**Task objective**
Only the lines from the one with "RC Car Spare" through the final line below belong in the answer, copied exactly and without pictures.

**Input data**
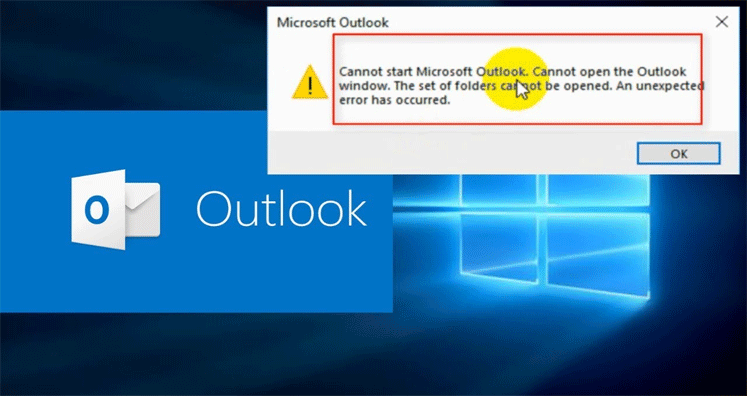 Outlook Başlatılamıyor PST Hatası Çözümü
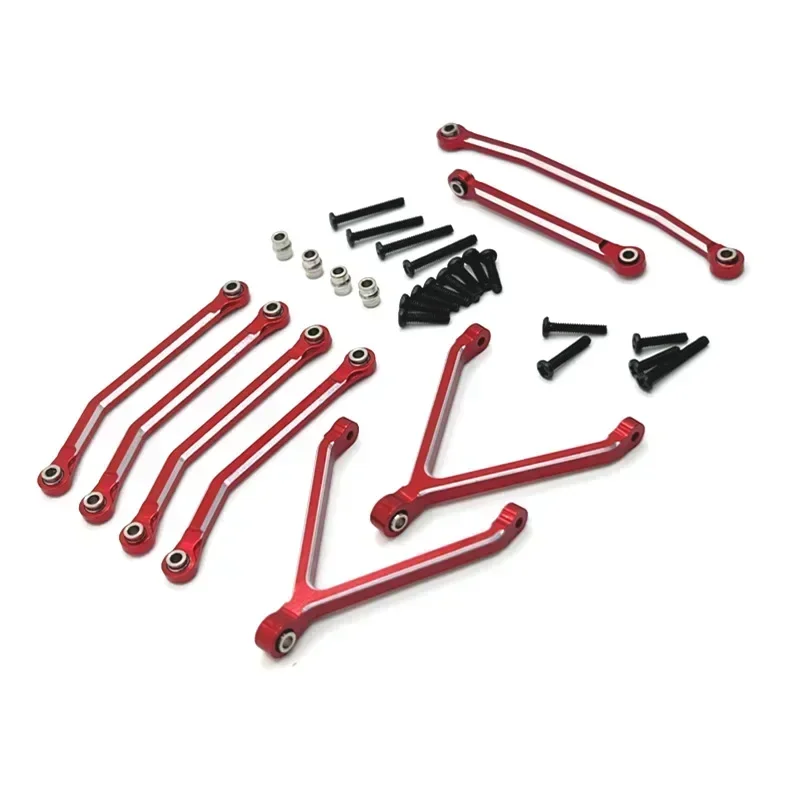 RC Car Spare Parts Metal Upgrade Chassis Lever Steering Lever  Suitable for FMS 1/24 Xiaoqi FCX24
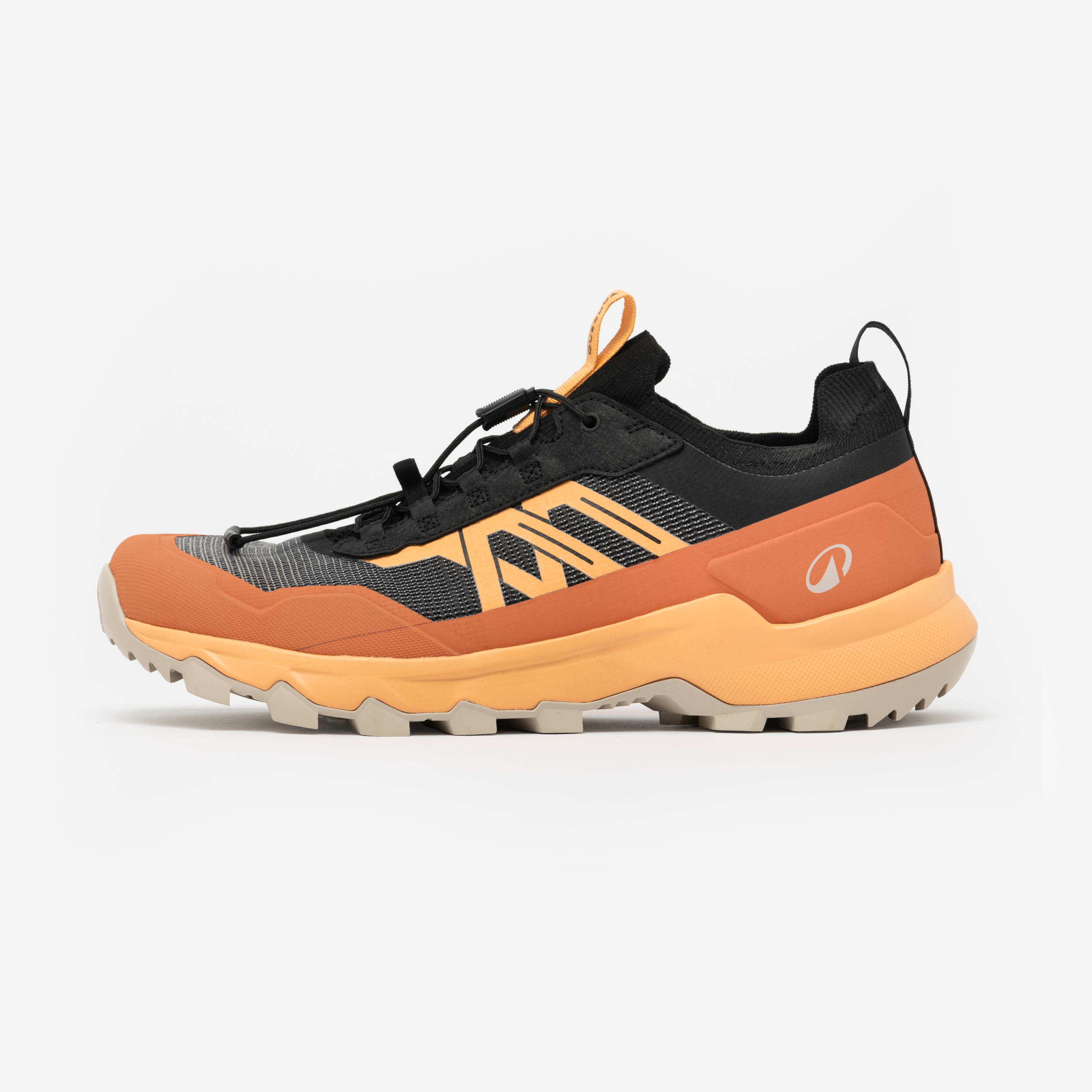 QUECHUA Wanderschuhe Herren – MH500 Faster schwarz/orange | 03608392699900 QUECHUA Wanderschuhe Herren – MH500 Faster schwarz/orange | 03608392699900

**Exercise response**
 RC Car Spare Parts Metal Upgrade Chassis Lever Steering Lever  Suitable for FMS 1/24 Xiaoqi FCX24
 QUECHUA Wanderschuhe Herren – MH500 Faster schwarz/orange | 03608392699900 QUECHUA Wanderschuhe Herren – MH500 Faster schwarz/orange | 03608392699900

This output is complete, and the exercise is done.